About structs and performant handling

deadalnix deadalnix at gmail.com
Tue Mar 12 07:59:06 PDT 2013


On Tuesday, 12 March 2013 at 11:24:43 UTC, Namespace wrote:
> On Tuesday, 12 March 2013 at 09:38:19 UTC, deadalnix wrote:
>> On Tuesday, 12 March 2013 at 09:24:11 UTC, Namespace wrote:
>>>> You never gave any rationale reason on that.
>>>
>>> Because I just like to have the control over what is passed 
>>> by ref and what by value.
>>
>> I'm sorry, but what you like is exactly the opposite of a 
>> rational example.
>
> I'll always like to disabuse. So why do you think this is not a 
> rational example?

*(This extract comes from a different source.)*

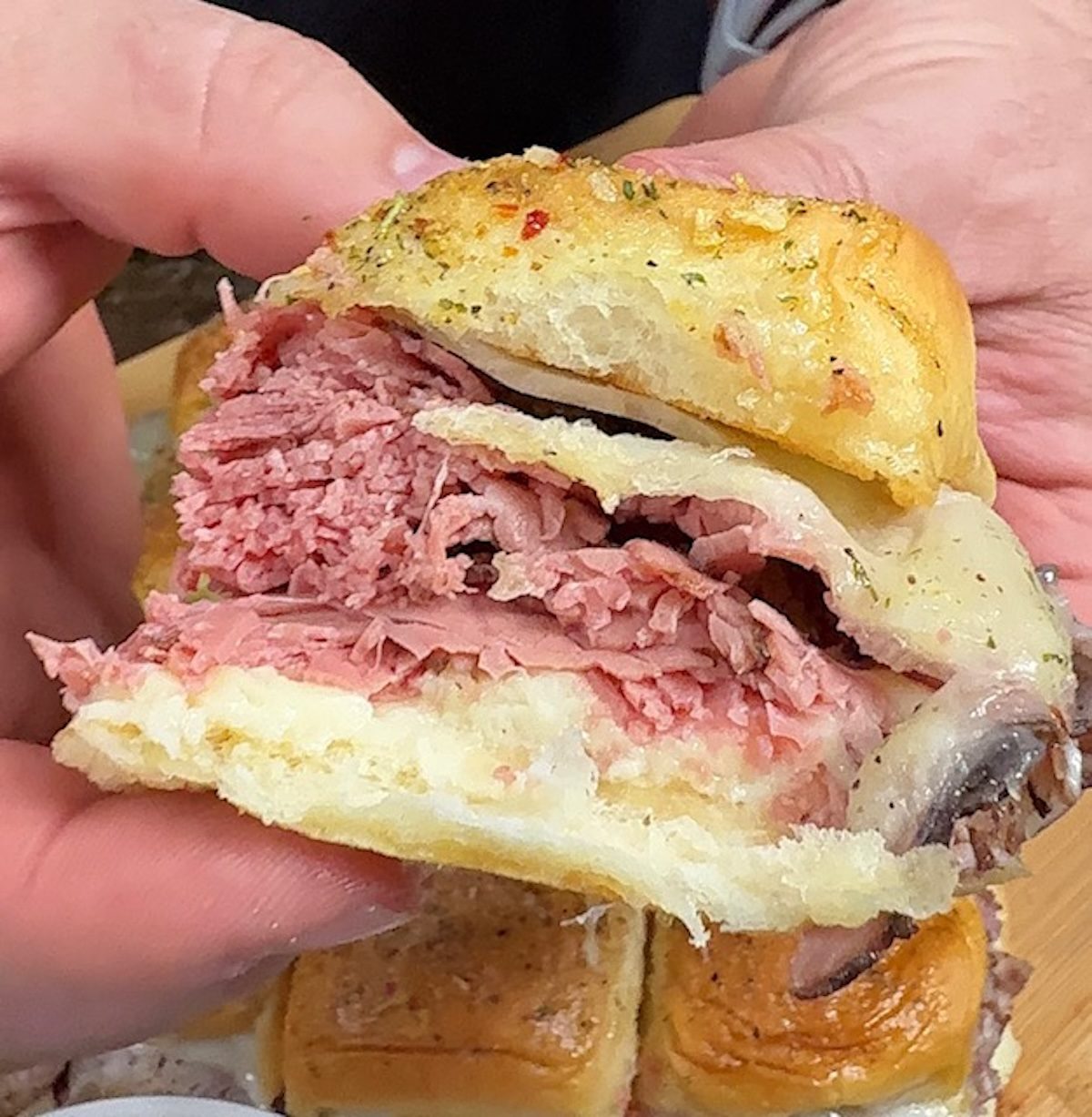 Two hands are lifting up a roast beef and cheese slider.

And what would a rational example for you?

Let's consider the given example :

struct Foo {
     uint i;
     this(this) {
         writeln("foo");
     }
}

void bar(Foo f) {
     writeln("bar");
}

uint main() {
     Foo f;
     f.i = 42;
     bar(f);
     return f.i,
}

You think you pass by value ? In fact, if you let the optimizer 
do its job, you don't even have a function call. Thing gets 
rewriten this way :

uint main() {
     writeln("foo");
     writeln("bar");
     return 42;
}

You have no function call and no pass by value anymore. In fact, 
the only thing the current definition garantee it that you have 
the side effect of the postblit (ie, memory allocation, etc . . 
.), but nothing is said about having an actual function call or a 
pass by value.

If you think you control the code that way, you are living a 
delusional world, because the compiler rewrite everything under 
you. You are asking to keep that illusion in place by asking for 
an explicit syntax to allow the optimization to take place.

And note that this is very good thing as the code generated is 
much faster and the code much cleaner. If you had to specify 
optimisations, you'd get them wrong, you'd forget them, your code 
would be less reliable, slower and less readable.